For more on Gerald Ford and the 1976 election, watch “Race for the White House” Sunday, September 13 at 10 p.m. ET.
Forty-six years ago this month, President Gerald Ford made one of the most controversial announcements in American political history: He pardoned Richard Nixon.
And while you may know that the pardon happened, you may not realize how very big a deal it was then – or how it set a precedent for presidential behavior we see today.
Ford had been in the Oval Office for just a few weeks when he made his national address on September 8, 1974. One of the few men to become president without ever being elected to the job, Ford had been House Minority Leader when he took over for Nixon’s disgraced vice president Spiro Agnew in 1973.
When Nixon himself resigned the following year from the Watergate scandal, Ford ascended to the presidency.
“Nixon had been guilty of obstruction of justice (and) abuse of power, causing the American people to have no respect for him or respect for the office of the presidency,” said Barbara A. Perry, presidential studies director at the University of Virginia’s Miller Center, in the CNN Original Series “Race for the White House.” That left Ford with the challenge of not only rebuilding the nation’s trust but also figuring out what to do about his predecessor: bring charges or grant a pardon.
Ford “felt that America needed recovery, not revenge,” the President’s son Steven said in the CNN series. “The idea was to get Nixon out of the way, heal the nation and go forward.”
But the public didn’t like the taint of Watergate or the pardon, and it damaged Ford politically.
“Ford, who had been at around 70% approval, plummeted some 30 points in the polls almost immediately,” political commentator Pat Buchanan said in “Race for the White House.” “It was one of the worst blows to hit any presidency in my lifetime.”

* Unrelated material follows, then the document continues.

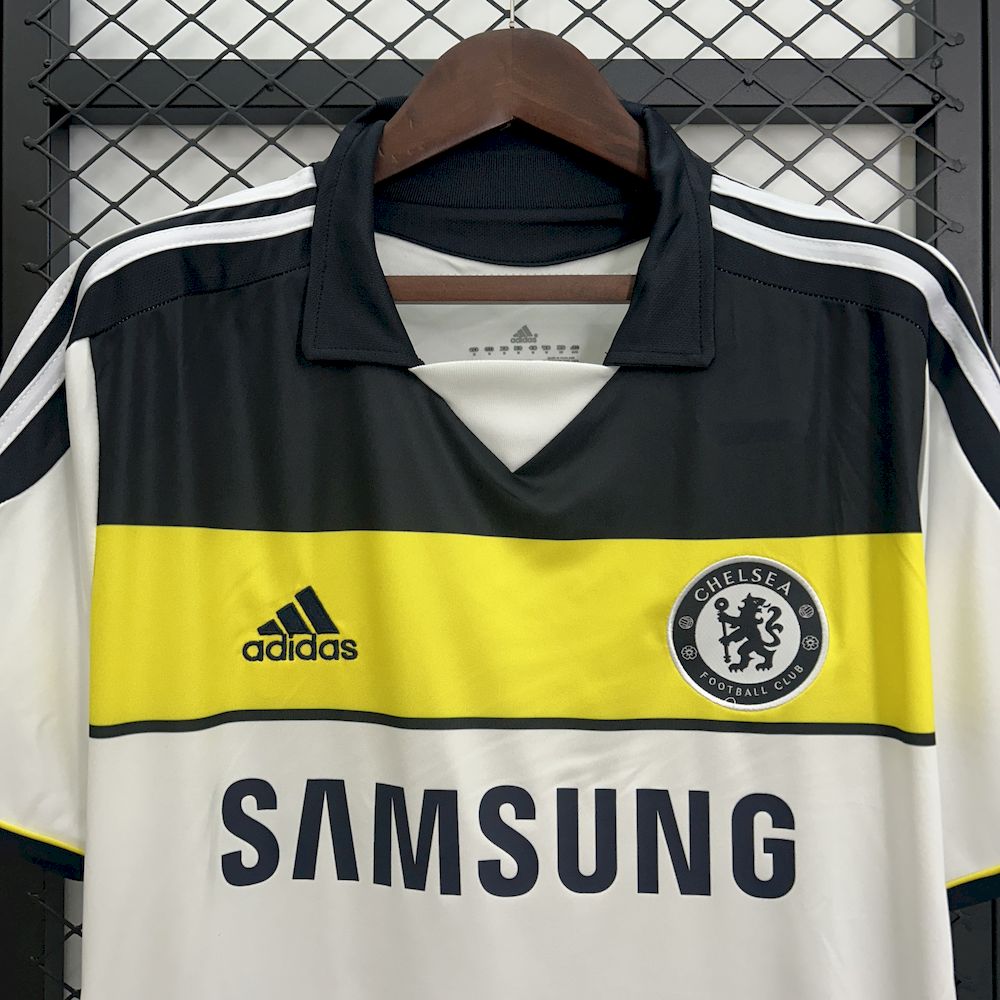 Chelsea 2011/12 Third Retro Jersey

Recall that Nixon’s downfall came so very quickly after festering for so long. In 1972, five men were arrested after breaking into the Democratic National Committee’s headquarters in Washington, D.C. For the next two years, the scandal consumed the country while Nixon claimed he had nothing to do with it.

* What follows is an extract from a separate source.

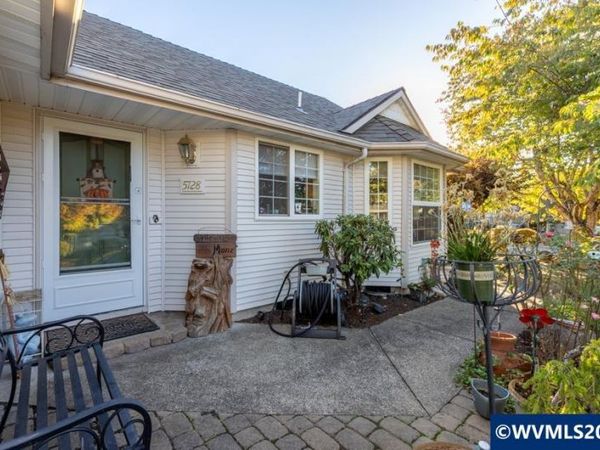 5728 Moonstone Lp SE, Salem, OR 97306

It wasn’t until the release of the Smoking Gun tape in August 1974 that Nixon’s involvement in the cover-up became clear. And within a month, the country watched their new President Ford grant Nixon a “full, free and absolute” presidential pardon.
It was like “an unexploded grenade,” said Cazenovia College history professor John Robert Greene in the series. “I think the American public wanted some sort of a pound of flesh. And in an instant, Ford goes from being a regular guy to just being the type of president they’ve always had.”

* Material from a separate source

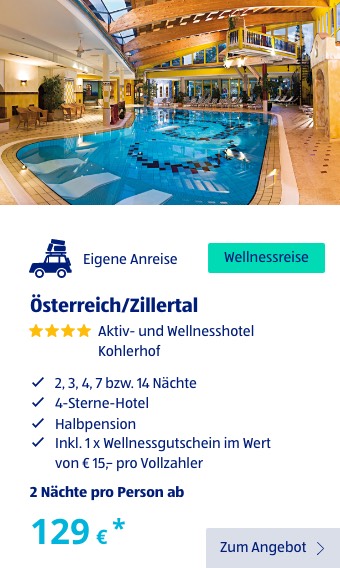 Österreich/Zillertal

When Ford ran for election in 1976, he failed miserably against Jimmy Carter, who was promising change in Washington.
Later, Ford was credited with taking a politically dangerous position he truly felt would help the country move on. But reading the surprise address he gave on Sunday before a round of golf, I’m struck by his argument that Nixon, after Watergate, shouldn’t have to suffer any more. Really?!
The pardon itself is amazingly broad, absolving the former President of any culpability for breaking the law during the entirety of his presidency. If you want to know why President Donald Trump seems to think he’s literally above the law, start here with the most epic pardon of all time.
On Instagram, I posted some excerpts from the speech, which I found at the Ford presidential library website, along with Nixon’s statement of apology to the country and thanks to Ford after the pardon.
Note that Nixon does not apologize for breaking the law but for giving Americans the perception he did. Which is not exactly an apology. But it’s more than you could imagine Trump saying.